Everyone has heard the word laser before. Whether Darth Vader’s laser sword or a laser pointer in school lessons, it’s all about strong light. In fact, at TYPEMYKNIFE® kitchen knives we label them with a very powerful beam of light. ( The development of the laser )
Laser technology has been around since the 1960s. The basic idea was to bundle light extremely to create a strong parallel beam of light. The light is focused in gas, or so-called solids, often artificial crystals such as ruby or YAG. The parallel beam of light must also be amplified from the outside with even more energy. To concentrate the light in the laser, a semi-transparent mirror then only lets out the laser beam. That’s very easy to explain now, but Krömer and Alfrjorov received a Nobel Prize for it. So that’s just the basic principle.
In the 1980s, low-power semiconductor laser diodes were developed, which we still know from CD or DVD drives. These diodes later become very important in order to pump even more light from the outside into a laser than so-called pump diodes. They are also used with TYPEMYKNIFE® in the laser.
But these diodes also made it possible to implement the fiber optic networks that are so much discussed today.
Disk and fiber lasers were first developed in the 1990s
Both are solid state lasers. The disk laser uses a crystal. The fiber laser, and I’ll go into that in more detail now because we use it at TYPEMYKNIFE®, has a fiber optic bundle at its heart. Hence the name fiber laser.
The fiber laser
Like most of today’s technology, a fiber optic bundle is not just a bundle of fiber optic strands.
In a fiber laser, this glass is a very special composition. It is laboriously drawn from the melt in order to obtain an exactly parallel glass thread that always has the same diameter and properties. In order to improve these properties, the thread is connected with so-called rare earths.
The laser light is generated in the fibers created in this way. In our laser, which we use for knife engraving with TYPEMYKNFE®, so-called pump diodes are arranged around the fiber strand.
Pump diodes are the small lamps mentioned above that send the light into the fiber strand. Now two very important mirrors come into play.
One like a lid at one end of the fiber bundle reflects the light, the other is only semi-transparent. The light accumulates in the glass fiber strand and comes out with high pressure on the half-mirror side. This is then the laser beam with which we mark kitchen knives.
The laser beam engraves the knife blade. In fact, the laser beam heats the surface of the knife steel, altering the surface to absorb light and producing a deep, permanent, abrasion-resistant black on the stainless steel.
But this only works if all the settings that determine the laser beams are set exactly. There is the oscillation of the light beam, the so-called frequency. Then of course the strength of the beam of light depends essentially on the heating of the steel. The length of the light beam, the pulse. The speed with which the laser beam travels over the knife is also decisive. Every spot that is not lasered must be jumped over by the light beam. This jump is also precisely defined. Run-up, hop, landing, brake…

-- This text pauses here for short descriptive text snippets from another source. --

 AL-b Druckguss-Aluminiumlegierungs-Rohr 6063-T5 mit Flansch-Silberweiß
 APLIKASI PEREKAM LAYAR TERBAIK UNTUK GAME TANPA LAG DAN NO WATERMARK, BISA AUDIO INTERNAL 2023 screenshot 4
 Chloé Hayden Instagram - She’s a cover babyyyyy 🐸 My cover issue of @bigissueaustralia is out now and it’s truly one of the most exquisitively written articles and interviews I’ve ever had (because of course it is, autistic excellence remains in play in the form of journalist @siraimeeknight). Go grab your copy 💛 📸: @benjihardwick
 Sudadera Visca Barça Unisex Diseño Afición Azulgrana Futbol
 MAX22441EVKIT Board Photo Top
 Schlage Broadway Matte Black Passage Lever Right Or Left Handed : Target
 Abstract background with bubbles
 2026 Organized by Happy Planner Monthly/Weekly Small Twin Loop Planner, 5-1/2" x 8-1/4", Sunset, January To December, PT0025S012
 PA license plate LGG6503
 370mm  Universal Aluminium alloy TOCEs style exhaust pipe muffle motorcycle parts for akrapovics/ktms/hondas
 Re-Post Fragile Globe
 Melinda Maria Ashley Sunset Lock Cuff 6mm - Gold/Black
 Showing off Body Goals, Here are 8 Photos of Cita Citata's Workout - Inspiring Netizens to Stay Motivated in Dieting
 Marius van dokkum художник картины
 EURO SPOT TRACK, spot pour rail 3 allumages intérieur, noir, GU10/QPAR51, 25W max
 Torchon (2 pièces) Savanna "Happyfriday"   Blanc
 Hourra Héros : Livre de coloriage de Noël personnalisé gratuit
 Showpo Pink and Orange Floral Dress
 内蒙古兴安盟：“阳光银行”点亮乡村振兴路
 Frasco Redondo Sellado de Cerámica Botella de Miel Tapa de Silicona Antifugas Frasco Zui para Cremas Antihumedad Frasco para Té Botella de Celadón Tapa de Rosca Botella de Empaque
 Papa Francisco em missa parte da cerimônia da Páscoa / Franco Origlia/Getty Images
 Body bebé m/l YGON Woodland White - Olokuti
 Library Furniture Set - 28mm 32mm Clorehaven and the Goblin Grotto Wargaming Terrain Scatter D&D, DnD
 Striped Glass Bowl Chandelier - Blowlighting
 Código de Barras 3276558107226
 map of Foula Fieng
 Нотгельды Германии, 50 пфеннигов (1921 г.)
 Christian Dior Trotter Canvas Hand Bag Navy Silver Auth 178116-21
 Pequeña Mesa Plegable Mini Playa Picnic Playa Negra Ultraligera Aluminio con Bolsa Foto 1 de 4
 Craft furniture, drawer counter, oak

An ingenious arrangement of two mirrors determines how the light beam can be moved. The laser scanner. These two mirrors direct the laser beam across the knife surface. They are very fine in movement and lightning fast in reaction. Without these sensitive mirrors, it would not be possible to brake, decelerate, interrupt and restart the laser beam with every jump.
For us at TYPEMYKNIFE® there is another, very important component of the laser system. The optics. If the laser beam runs over our inscription field of more than thirty centimeters, which is unbelievably large for laser technology, things change angle and distance to surface.
If the laser shines in the middle, the light is vertical and the distance is short. If the laser shines in the outer areas, the angle becomes larger and the beam longer. A specially ground optic compensates for this effect in such a way that the laser beam works with a consistent laser engraving result no matter where on the inscription surface.
With all of this laser technology specially developed for TYPEMYKNIFE®, we can make the largest kitchen knives permanently black on both sides on both sides.
It doesn’t matter if a knife is long and narrow like a salmon knife or almost square like a cleaver. The laser does its job perfectly.
And like Cicero said, never put knives in the dishwasher.